French prosecutors said Thursday they have asked for a rape case against Interior Minister Gerald Darmanin to be dropped, almost five years after his accuser first came forward.

Sophie Patterson-Spatz in 2017 accused Darmanin, a right-wing stalwart of President Emmanuel Macron’s government, of rape, sexual harassment and abuse of power dating back to 2009.

She says he raped her after she sought his help to have a criminal record expunged while he was a legal affairs adviser with the UMP, the predecessor of France’s main right-wing party, the Republicans.

Ordered by an appeals court to reopen the case in 2020 after dropping it a first time in 2018, Paris prosecutors interviewed Darmanin alongside Patterson-Spatz for nine hours in March last year.

But he was questioned as a witness, not as a formal suspect, and has always maintained he was “wrongfully accused”.

Paris prosecutors told AFP that they on Wednesday have asked for the case to be abandoned.

It will now be up to an investigating magistrate to decide whether to again throw the case out.

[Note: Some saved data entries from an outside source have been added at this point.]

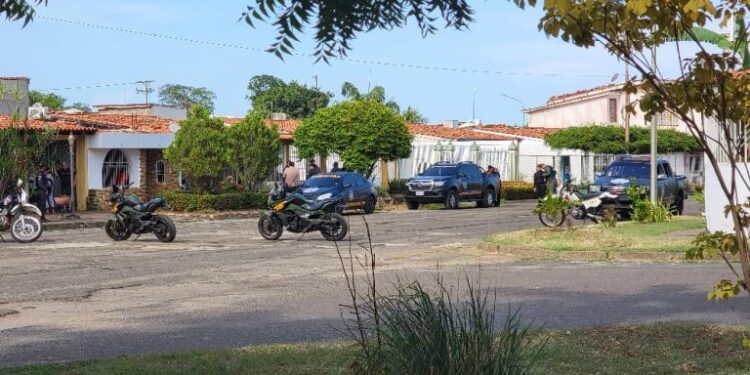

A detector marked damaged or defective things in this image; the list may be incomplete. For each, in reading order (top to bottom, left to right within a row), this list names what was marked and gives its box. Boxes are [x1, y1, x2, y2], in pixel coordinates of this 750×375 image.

cracked pavement [1, 201, 750, 368]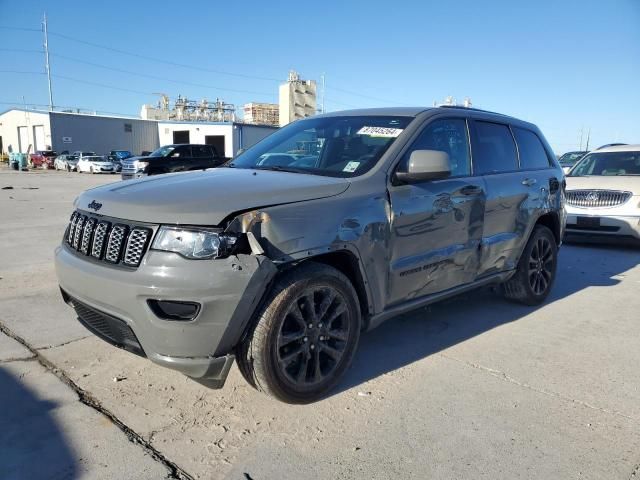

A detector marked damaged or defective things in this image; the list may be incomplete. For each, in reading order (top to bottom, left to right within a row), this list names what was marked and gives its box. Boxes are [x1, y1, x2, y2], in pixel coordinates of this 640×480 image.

crumpled hood [75, 168, 350, 224]
crumpled hood [564, 175, 640, 196]
asphalt crack [0, 318, 195, 480]
asphalt crack [440, 352, 640, 424]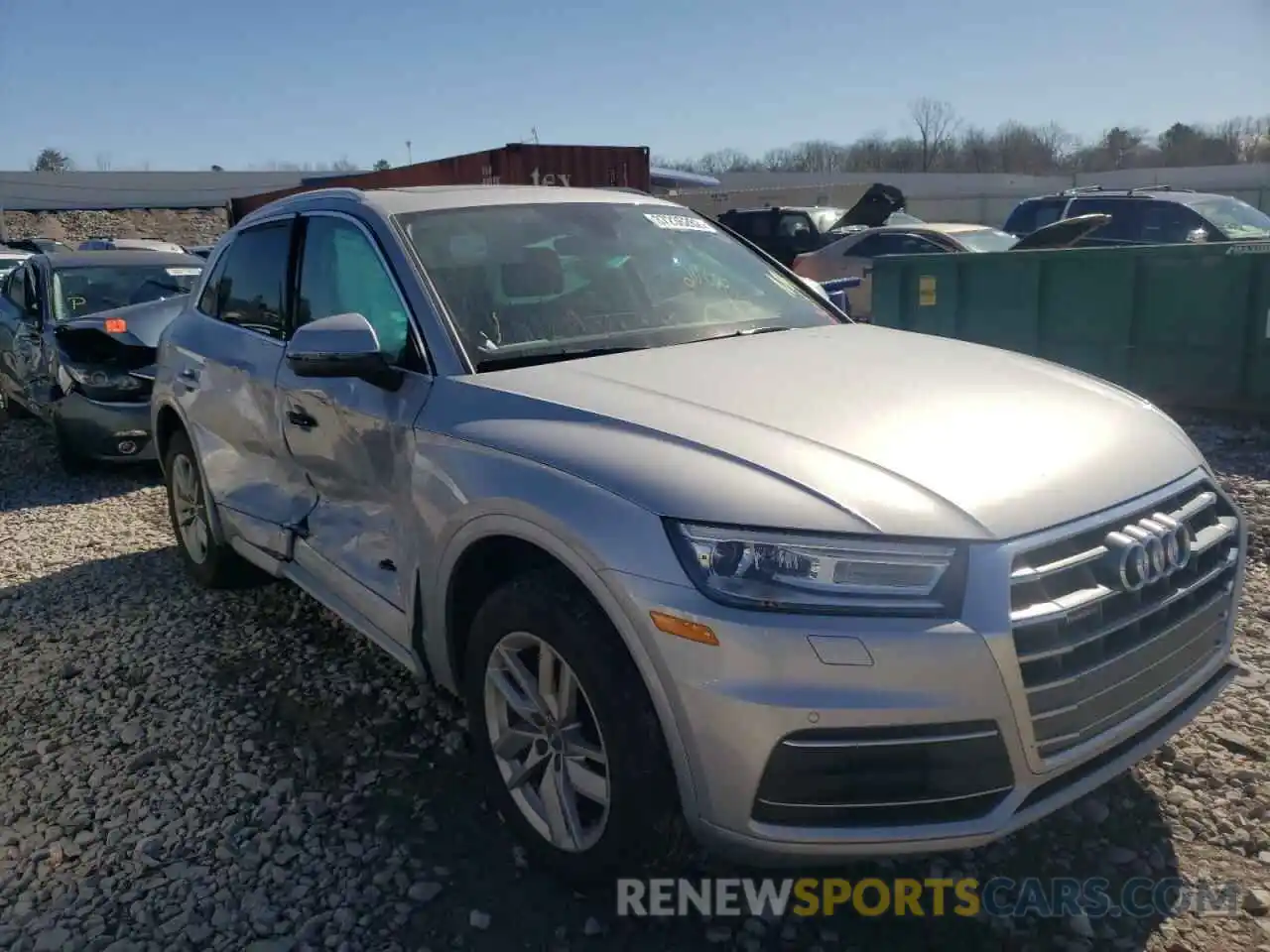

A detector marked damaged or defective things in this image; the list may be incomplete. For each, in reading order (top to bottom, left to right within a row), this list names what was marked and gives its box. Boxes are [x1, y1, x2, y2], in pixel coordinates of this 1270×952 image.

wrecked sedan [0, 246, 202, 468]
damaged suv [0, 253, 202, 472]
damaged suv [147, 182, 1238, 881]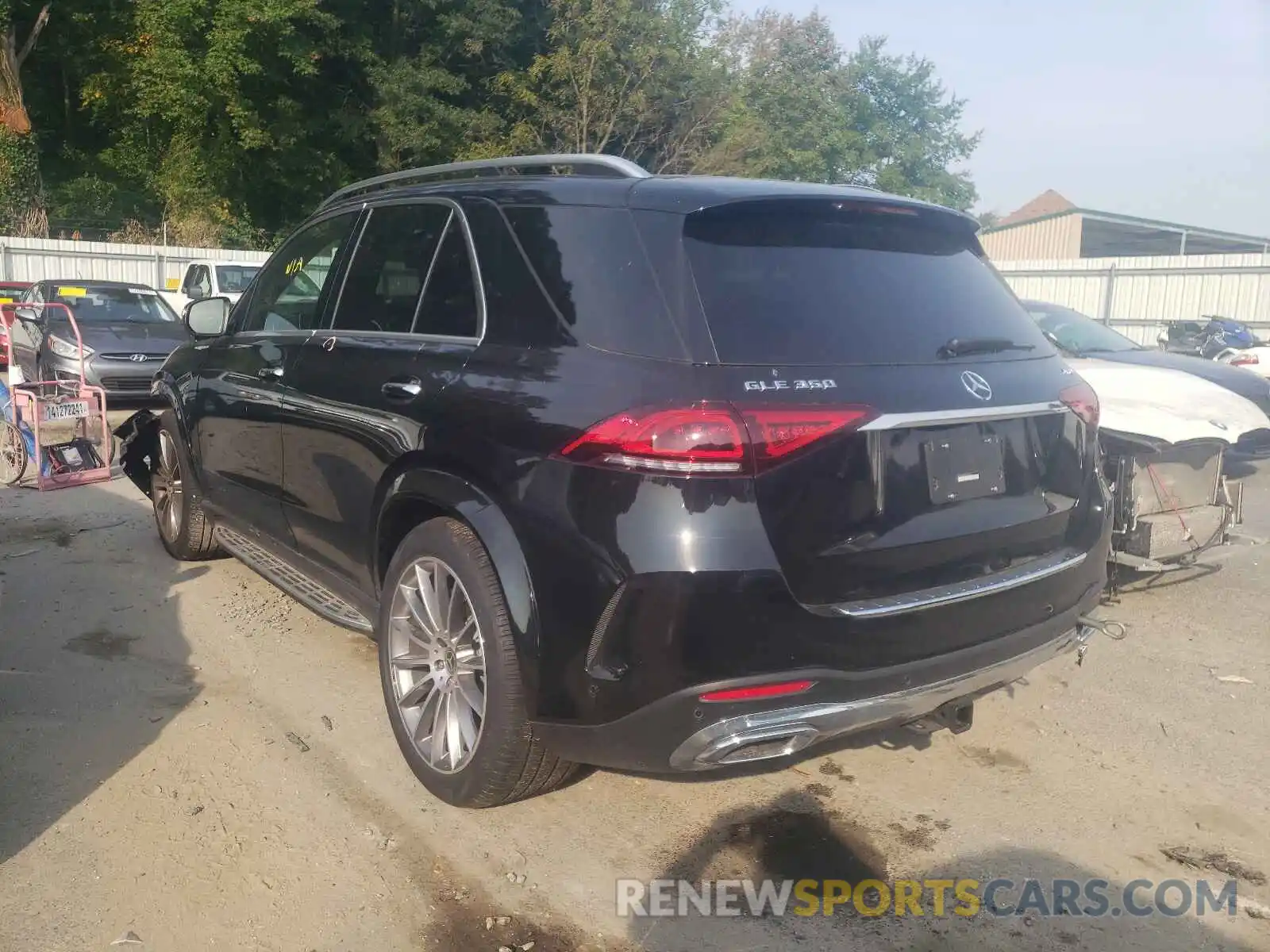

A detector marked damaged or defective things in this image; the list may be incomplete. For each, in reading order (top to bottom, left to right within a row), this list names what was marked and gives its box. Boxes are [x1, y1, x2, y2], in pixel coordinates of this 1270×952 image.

front fender damage [112, 411, 160, 500]
damaged white car [1072, 360, 1270, 574]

Darmanin’s lawyers told AFP they had “taken note” of the prosecutors’ request, while neither Patterson-Spatz nor her lawyer were immediately available for comment.

Macron’s decision to appoint Darmanin interior minister in 2020 enraged feminists, coming weeks after the order to reopen the rape case and at the height of a wave of sexual assault allegations sparked by the #MeToo movement.

The high-flying politician, 39, is one of the key right-wing figures in the centrist Macron’s cabinet, brandishing tough rhetoric on issues including immigration, French identity and the current rocky relations with the UK.

He is expected to play a major role in a campaign by Macron to seek re-election later this year against a field of rivals so far dominated by figures on the right.